For years, Jonathan Schuster’s mother begged the public schools here to put her son in a special program where he could get extra help for his emotional problems. By 11th grade, Jonathan had broken his hand punching a wall and been hospitalized twice for depression — once because he threatened to kill himself with a pocket knife.
But teachers insisted that Jonathan, who suffers from attention deficit disorder, learning disabilities and bipolar disorder, could get by in regular classrooms. His mother, Kathleen Lerch, says the reason was cost. “It was all about the bottom line,” she says. Citing confidentiality, school officials declined to discuss Jonathan’s case but said they seek to provide an appropriate education to all children.
Advocates for the disabled have long promoted the inclusion of special-education children in regular classes, a practice called mainstreaming. Many educators view mainstreaming as an antidote to the warehousing of children with special needs in separate, and often deficient, classrooms and buildings.
Now, some experts and parents complain that mainstreaming has increasingly taken on a new role in American education: a pretext for cost-cutting, hurting the children it was supposed to help.

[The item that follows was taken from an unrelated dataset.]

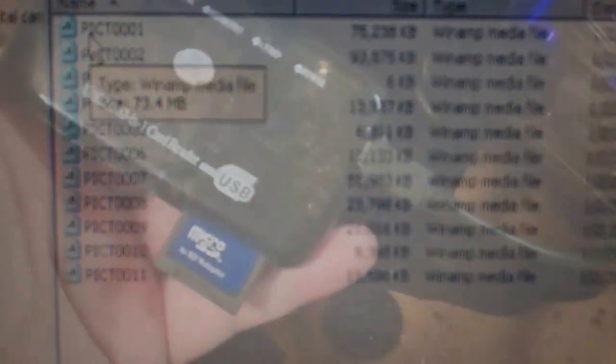After a couple of tries I finally got it to come up. The removable disk is what you want to see. What I like to do is go ahead and open it to view the files. There's your DCIM folder, and inside there is where your video files are stored.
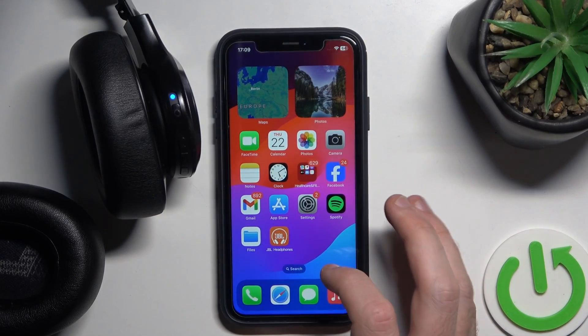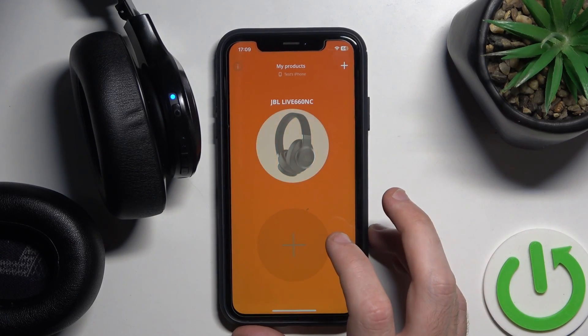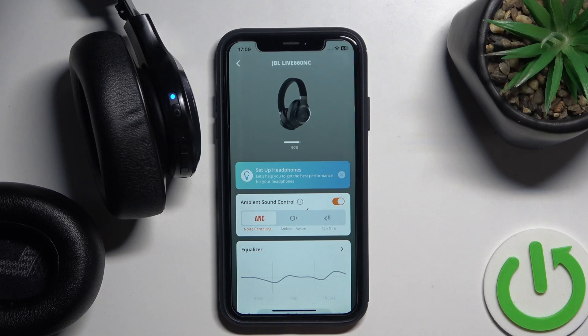Cool. Hide it, then open the JBL application. Click on 'Get Started Later' and that's it. Thank you for watching this video. If you found it helpful, please consider subscribing to the channel and leaving a like on the video — it's really important to us.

While studies show that mainstreaming can be beneficial for many students, critics say cash-hungry school districts are pushing the practice too hard, forcing many children into classes that can’t meet their needs. Inclusion has evolved into “a way of downsizing special education,” says Douglas Fuchs, a Vanderbilt University education professor.
Districts have a powerful motivation to cut special-education costs. U.S. schools spend almost twice as much on the average disabled student as they do on a nondisabled peer, according to a 2004 federal study. But the study also found that, in recent years, per-student special-education costs rose more slowly than for the general population. One of the likely reasons, researchers found, was cost savings from mainstreaming.